Hey mr.PIMP4969, I cycled a 29 US gallon tank with guppies that were feeders. These are hardy fish! They will handle a temperature of 80 F and worked quite well to cycle a tank. Ultimately the choice will be yours as what kind of fish to use. What it comes down to, choose a fish that closely matches the water parameters that will hold your new pets.


----------



## illnino (Mar 6, 2004)

you wouild need a million ghost shrimp to cycle a tank. i just use feeders


----------



## mike45 (May 31, 2004)

The fish most commonly used for cycling is DANIOS. They are extremely hardy, pretty cheap too. But, I would advise using a fishless cycling method using pure ammonia, your tank will cycle much faster.


----------



## Dr. Giggles (Oct 18, 2003)

Another hardy fish are "barbs". Personally fishless is the way to go.
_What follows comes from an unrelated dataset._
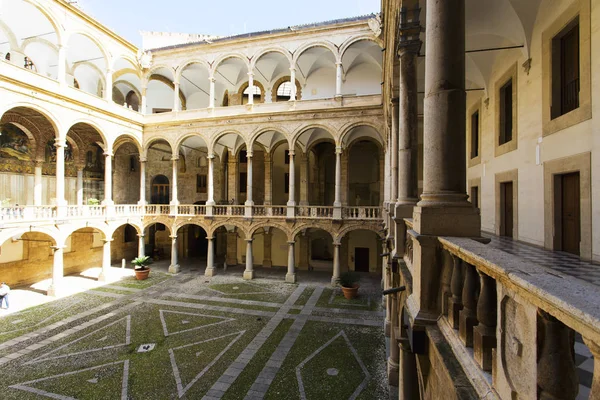 Reale 宫殿庭院在西西里岛的巴勒莫 — 图库照片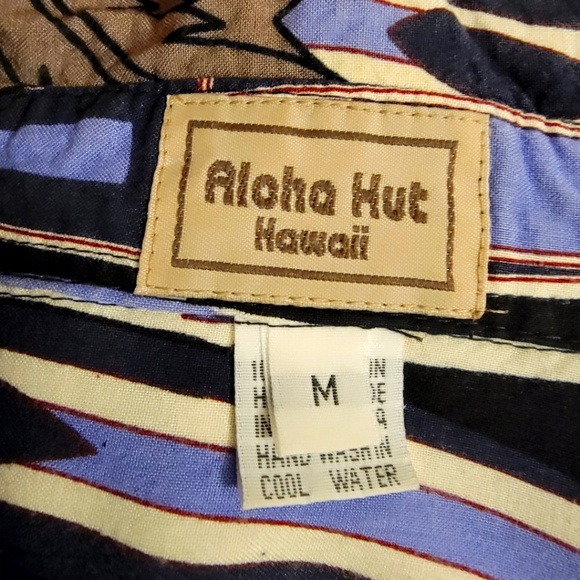 Aloha Hut Hawaii Hawaiian Shirt Medium w Surfboards - Picture 5 of 6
Good luck.


----------



## 0123 (May 18, 2004)

check this out should help a bit


----------



## SMITZ71 (Jun 4, 2004)

When I looked for feedback on what dither fish to cycle my 140 with, I ended up with one too many responses and ideas...I took the existing fish I had from a smaller tank and started with all new water in the 140 and it took approx 3 weeks to cycle and further all the fish are still alive...Hope this helps


----------